# Instructions to follow
Type out the data again. Keep every line exactly the same.

# Extracted material

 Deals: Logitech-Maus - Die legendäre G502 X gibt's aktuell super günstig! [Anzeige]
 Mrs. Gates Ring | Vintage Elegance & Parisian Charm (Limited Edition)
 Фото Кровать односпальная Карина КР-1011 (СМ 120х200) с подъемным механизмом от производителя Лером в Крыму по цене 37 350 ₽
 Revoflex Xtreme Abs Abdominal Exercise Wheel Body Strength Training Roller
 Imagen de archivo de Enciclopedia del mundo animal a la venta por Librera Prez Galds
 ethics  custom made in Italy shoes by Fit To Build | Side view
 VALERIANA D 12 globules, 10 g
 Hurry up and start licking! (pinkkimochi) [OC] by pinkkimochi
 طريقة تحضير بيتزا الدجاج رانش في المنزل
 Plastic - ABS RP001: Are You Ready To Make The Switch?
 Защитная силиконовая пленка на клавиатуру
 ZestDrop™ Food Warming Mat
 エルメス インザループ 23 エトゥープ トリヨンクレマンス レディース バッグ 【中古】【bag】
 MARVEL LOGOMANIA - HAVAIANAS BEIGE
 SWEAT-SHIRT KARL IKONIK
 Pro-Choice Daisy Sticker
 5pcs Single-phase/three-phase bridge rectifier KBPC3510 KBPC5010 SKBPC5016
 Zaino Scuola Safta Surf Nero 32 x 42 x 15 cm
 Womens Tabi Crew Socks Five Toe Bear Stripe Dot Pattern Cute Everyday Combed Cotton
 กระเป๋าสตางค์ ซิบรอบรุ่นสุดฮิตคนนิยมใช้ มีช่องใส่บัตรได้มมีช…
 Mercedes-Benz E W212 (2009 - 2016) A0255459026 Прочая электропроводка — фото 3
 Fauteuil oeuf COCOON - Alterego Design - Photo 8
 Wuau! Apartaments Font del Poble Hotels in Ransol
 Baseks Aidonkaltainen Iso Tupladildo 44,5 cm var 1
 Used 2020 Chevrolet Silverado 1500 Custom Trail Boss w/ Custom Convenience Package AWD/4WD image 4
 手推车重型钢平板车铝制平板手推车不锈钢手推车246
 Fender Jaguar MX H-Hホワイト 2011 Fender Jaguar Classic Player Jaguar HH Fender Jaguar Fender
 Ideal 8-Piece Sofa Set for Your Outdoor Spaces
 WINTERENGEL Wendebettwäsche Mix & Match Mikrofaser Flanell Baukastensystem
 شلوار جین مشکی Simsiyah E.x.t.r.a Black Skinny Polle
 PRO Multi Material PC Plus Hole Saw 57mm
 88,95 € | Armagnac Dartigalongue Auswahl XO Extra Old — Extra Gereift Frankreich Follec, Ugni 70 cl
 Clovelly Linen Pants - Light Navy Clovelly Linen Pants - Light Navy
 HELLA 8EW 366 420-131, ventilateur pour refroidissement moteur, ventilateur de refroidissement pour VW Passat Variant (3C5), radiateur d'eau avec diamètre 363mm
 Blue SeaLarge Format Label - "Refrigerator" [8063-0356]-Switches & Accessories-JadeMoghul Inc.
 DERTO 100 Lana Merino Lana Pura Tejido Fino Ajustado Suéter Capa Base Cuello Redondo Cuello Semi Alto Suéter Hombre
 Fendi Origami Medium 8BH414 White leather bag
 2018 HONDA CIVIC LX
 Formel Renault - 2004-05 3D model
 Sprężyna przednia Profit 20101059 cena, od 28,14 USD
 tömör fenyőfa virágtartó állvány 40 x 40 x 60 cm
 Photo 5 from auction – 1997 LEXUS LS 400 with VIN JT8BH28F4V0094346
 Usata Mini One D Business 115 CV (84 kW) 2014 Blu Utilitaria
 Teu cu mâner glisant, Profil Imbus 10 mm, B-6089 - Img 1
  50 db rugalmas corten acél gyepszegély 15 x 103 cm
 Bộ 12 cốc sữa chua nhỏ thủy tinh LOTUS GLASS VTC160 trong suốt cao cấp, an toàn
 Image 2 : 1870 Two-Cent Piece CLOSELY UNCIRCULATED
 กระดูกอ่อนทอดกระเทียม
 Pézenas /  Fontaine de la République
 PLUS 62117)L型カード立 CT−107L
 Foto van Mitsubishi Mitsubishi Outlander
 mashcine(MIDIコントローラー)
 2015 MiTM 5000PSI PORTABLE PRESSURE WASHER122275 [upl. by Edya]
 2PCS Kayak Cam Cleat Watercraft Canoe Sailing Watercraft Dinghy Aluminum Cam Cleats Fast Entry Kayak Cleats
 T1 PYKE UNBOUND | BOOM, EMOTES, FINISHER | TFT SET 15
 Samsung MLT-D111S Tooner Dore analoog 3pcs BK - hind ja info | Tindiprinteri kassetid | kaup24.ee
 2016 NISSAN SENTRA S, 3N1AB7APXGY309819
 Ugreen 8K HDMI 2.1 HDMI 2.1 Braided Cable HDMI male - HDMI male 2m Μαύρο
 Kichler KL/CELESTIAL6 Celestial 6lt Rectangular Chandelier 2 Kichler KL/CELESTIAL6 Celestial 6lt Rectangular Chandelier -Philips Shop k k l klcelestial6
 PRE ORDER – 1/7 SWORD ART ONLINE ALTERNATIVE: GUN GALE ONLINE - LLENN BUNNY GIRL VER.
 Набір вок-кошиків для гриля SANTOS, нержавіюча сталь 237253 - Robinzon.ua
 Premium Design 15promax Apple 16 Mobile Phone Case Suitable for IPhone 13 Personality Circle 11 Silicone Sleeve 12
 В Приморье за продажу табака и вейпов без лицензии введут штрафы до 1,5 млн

# Answer section
 Deals: Logitech-Maus - Die legendäre G502 X gibt's aktuell super günstig! [Anzeige]
 Mrs. Gates Ring | Vintage Elegance & Parisian Charm (Limited Edition)
 Фото Кровать односпальная Карина КР-1011 (СМ 120х200) с подъемным механизмом от производителя Лером в Крыму по цене 37 350 ₽
 Revoflex Xtreme Abs Abdominal Exercise Wheel Body Strength Training Roller
 Imagen de archivo de Enciclopedia del mundo animal a la venta por Librera Prez Galds
 ethics  custom made in Italy shoes by Fit To Build | Side view
 VALERIANA D 12 globules, 10 g
 Hurry up and start licking! (pinkkimochi) [OC] by pinkkimochi
 طريقة تحضير بيتزا الدجاج رانش في المنزل
 Plastic - ABS RP001: Are You Ready To Make The Switch?
 Защитная силиконовая пленка на клавиатуру
 ZestDrop™ Food Warming Mat
 エルメス インザループ 23 エトゥープ トリヨンクレマンス レディース バッグ 【中古】【bag】
 MARVEL LOGOMANIA - HAVAIANAS BEIGE
 SWEAT-SHIRT KARL IKONIK
 Pro-Choice Daisy Sticker
 5pcs Single-phase/three-phase bridge rectifier KBPC3510 KBPC5010 SKBPC5016
 Zaino Scuola Safta Surf Nero 32 x 42 x 15 cm
 Womens Tabi Crew Socks Five Toe Bear Stripe Dot Pattern Cute Everyday Combed Cotton
 กระเป๋าสตางค์ ซิบรอบรุ่นสุดฮิตคนนิยมใช้ มีช่องใส่บัตรได้มมีช…
 Mercedes-Benz E W212 (2009 - 2016) A0255459026 Прочая электропроводка — фото 3
 Fauteuil oeuf COCOON - Alterego Design - Photo 8
 Wuau! Apartaments Font del Poble Hotels in Ransol
 Baseks Aidonkaltainen Iso Tupladildo 44,5 cm var 1
 Used 2020 Chevrolet Silverado 1500 Custom Trail Boss w/ Custom Convenience Package AWD/4WD image 4
 手推车重型钢平板车铝制平板手推车不锈钢手推车246
 Fender Jaguar MX H-Hホワイト 2011 Fender Jaguar Classic Player Jaguar HH Fender Jaguar Fender
 Ideal 8-Piece Sofa Set for Your Outdoor Spaces
 WINTERENGEL Wendebettwäsche Mix & Match Mikrofaser Flanell Baukastensystem
 شلوار جین مشکی Simsiyah E.x.t.r.a Black Skinny Polle
 PRO Multi Material PC Plus Hole Saw 57mm
 88,95 € | Armagnac Dartigalongue Auswahl XO Extra Old — Extra Gereift Frankreich Follec, Ugni 70 cl
 Clovelly Linen Pants - Light Navy Clovelly Linen Pants - Light Navy
 HELLA 8EW 366 420-131, ventilateur pour refroidissement moteur, ventilateur de refroidissement pour VW Passat Variant (3C5), radiateur d'eau avec diamètre 363mm
 Blue SeaLarge Format Label - "Refrigerator" [8063-0356]-Switches & Accessories-JadeMoghul Inc.
 DERTO 100 Lana Merino Lana Pura Tejido Fino Ajustado Suéter Capa Base Cuello Redondo Cuello Semi Alto Suéter Hombre
 Fendi Origami Medium 8BH414 White leather bag
 2018 HONDA CIVIC LX
 Formel Renault - 2004-05 3D model
 Sprężyna przednia Profit 20101059 cena, od 28,14 USD
 tömör fenyőfa virágtartó állvány 40 x 40 x 60 cm
 Photo 5 from auction – 1997 LEXUS LS 400 with VIN JT8BH28F4V0094346
 Usata Mini One D Business 115 CV (84 kW) 2014 Blu Utilitaria
 Teu cu mâner glisant, Profil Imbus 10 mm, B-6089 - Img 1
  50 db rugalmas corten acél gyepszegély 15 x 103 cm
 Bộ 12 cốc sữa chua nhỏ thủy tinh LOTUS GLASS VTC160 trong suốt cao cấp, an toàn
 Image 2 : 1870 Two-Cent Piece CLOSELY UNCIRCULATED
 กระดูกอ่อนทอดกระเทียม
 Pézenas /  Fontaine de la République
 PLUS 62117)L型カード立 CT−107L
 Foto van Mitsubishi Mitsubishi Outlander
 mashcine(MIDIコントローラー)
 2015 MiTM 5000PSI PORTABLE PRESSURE WASHER122275 [upl. by Edya]
 2PCS Kayak Cam Cleat Watercraft Canoe Sailing Watercraft Dinghy Aluminum Cam Cleats Fast Entry Kayak Cleats
 T1 PYKE UNBOUND | BOOM, EMOTES, FINISHER | TFT SET 15
 Samsung MLT-D111S Tooner Dore analoog 3pcs BK - hind ja info | Tindiprinteri kassetid | kaup24.ee
 2016 NISSAN SENTRA S, 3N1AB7APXGY309819
 Ugreen 8K HDMI 2.1 HDMI 2.1 Braided Cable HDMI male - HDMI male 2m Μαύρο
 Kichler KL/CELESTIAL6 Celestial 6lt Rectangular Chandelier 2 Kichler KL/CELESTIAL6 Celestial 6lt Rectangular Chandelier -Philips Shop k k l klcelestial6
 PRE ORDER – 1/7 SWORD ART ONLINE ALTERNATIVE: GUN GALE ONLINE - LLENN BUNNY GIRL VER.
 Набір вок-кошиків для гриля SANTOS, нержавіюча сталь 237253 - Robinzon.ua
 Premium Design 15promax Apple 16 Mobile Phone Case Suitable for IPhone 13 Personality Circle 11 Silicone Sleeve 12
 В Приморье за продажу табака и вейпов без лицензии введут штрафы до 1,5 млн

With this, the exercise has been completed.